Perdido 03

Perdido 03

Sunday, July 11, 2010

Computers Hurt Academic Skills

All the technocrats pushing more and more technology and computers onto public schools and public school students as the miracle cure for the achievement gap ought to read this study:

Economists are trying to measure a home computer’s educational impact on schoolchildren in low-income households. Taking widely varying routes, they are arriving at similar conclusions: little or no educational benefit is found. Worse, computers seem to have further separated children in low-income households, whose test scores often decline after the machine arrives, from their more privileged counterparts.

Ofer Malamud, an assistant professor of economics at the University of Chicago, is the co-author of a study that investigated educational outcomes after low-income families received vouchers to help them buy computers.

“We found a negative effect on academic achievement,” he said. “I was surprised, but as we presented our findings at various seminars, people in the audience said they weren’t surprised, given their own experiences with their school-age children.”

Professor Malamud and his collaborator, Cristian Pop-Eleches, an assistant professor of economics at Columbia University, did their field work in Romania in 2009, where the government invited low-income families to apply for vouchers worth 200 euros (then about $300) that could be used for buying a home computer.

The program provided a control group: the families who applied but did not receive a voucher.

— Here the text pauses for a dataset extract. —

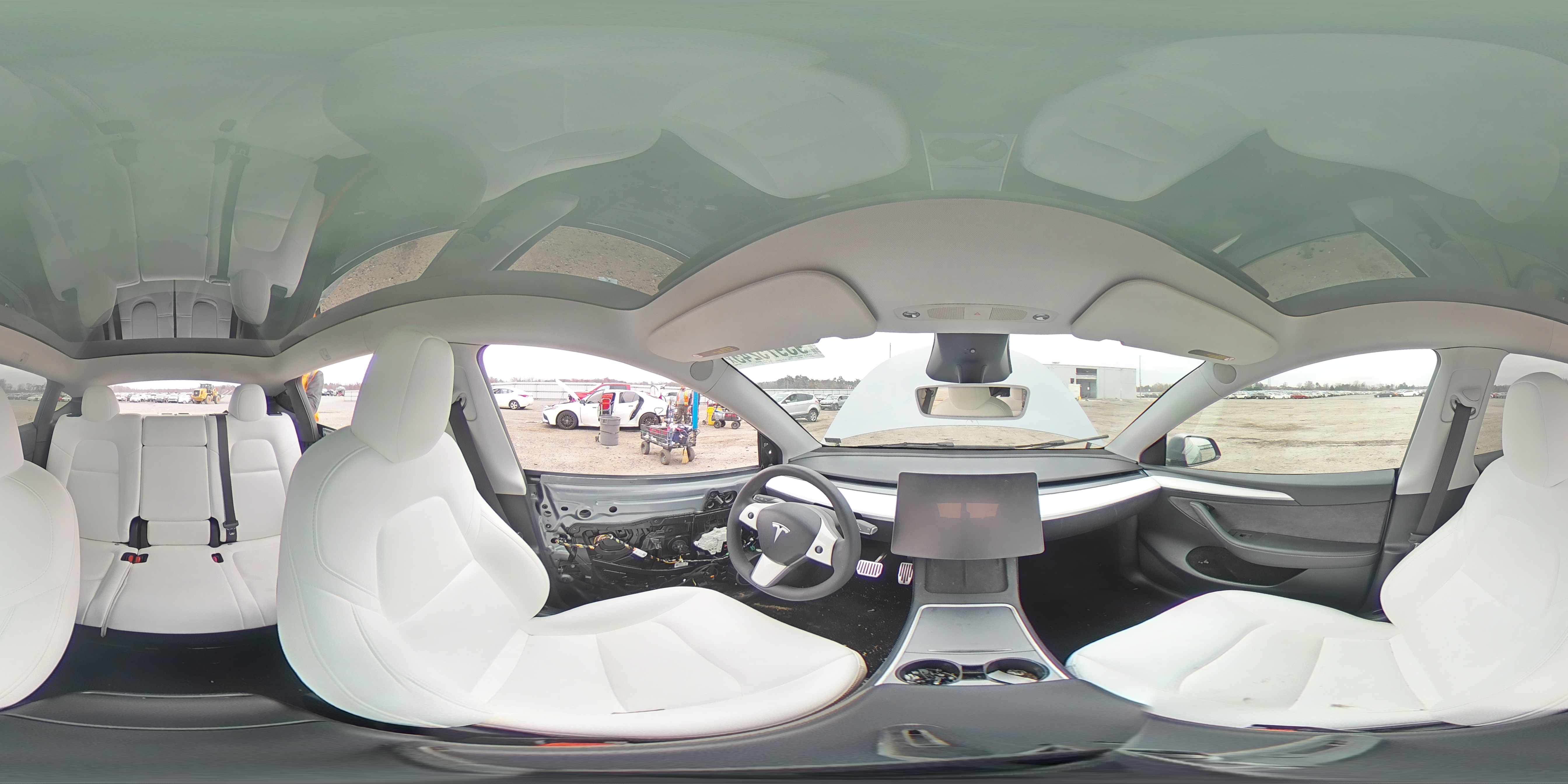 2024 Tesla Model Y VIN: 7SAYGAEE4RF168167 Lot: 93975245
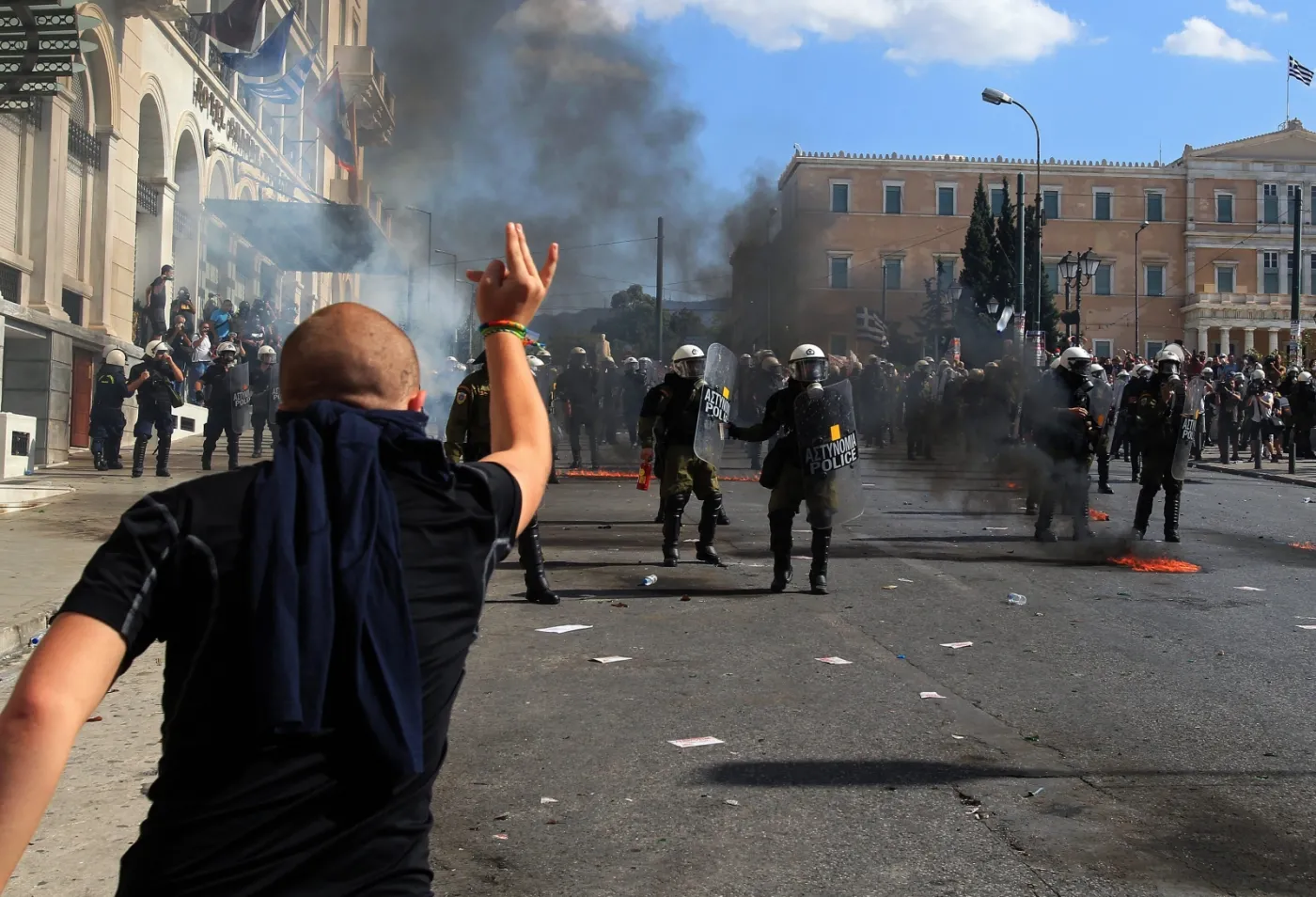 4170805-protesty-w-grecji.jpg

They showed the same desire to own a machine, and their income was often only slightly above the cut-off point for the government program.

In a draft of an article that the Quarterly Journal of Economics will publish early next year, the professors report finding “strong evidence that children in households who won a voucher received significantly lower school grades in math, English and Romanian.” The principal positive effect on the students was improved computer skills.

At that time, most Romanian households were not yet connected to the Internet. But few children whose families obtained computers said they used the machines for homework. What they were used for — daily — was playing games.

In the United States, Jacob L. Vigdor and Helen F. Ladd, professors of public policy at Duke University, reported similar findings. Their National Bureau of Economic Research working paper, “Scaling the Digital Divide,” published last month, looks at the arrival of broadband service in North Carolina between 2000 and 2005 and its effect on middle school test scores during that period. Students posted significantly lower math test scores after the first broadband service provider showed up in their neighborhood, and significantly lower reading scores as well when the number of broadband providers passed four.

The Duke paper reports that the negative effect on test scores was not universal, but was largely confined to lower-income households, in which, the authors hypothesized, parental supervision might be spottier, giving students greater opportunity to use the computer for entertainment unrelated to homework and reducing the amount of time spent studying.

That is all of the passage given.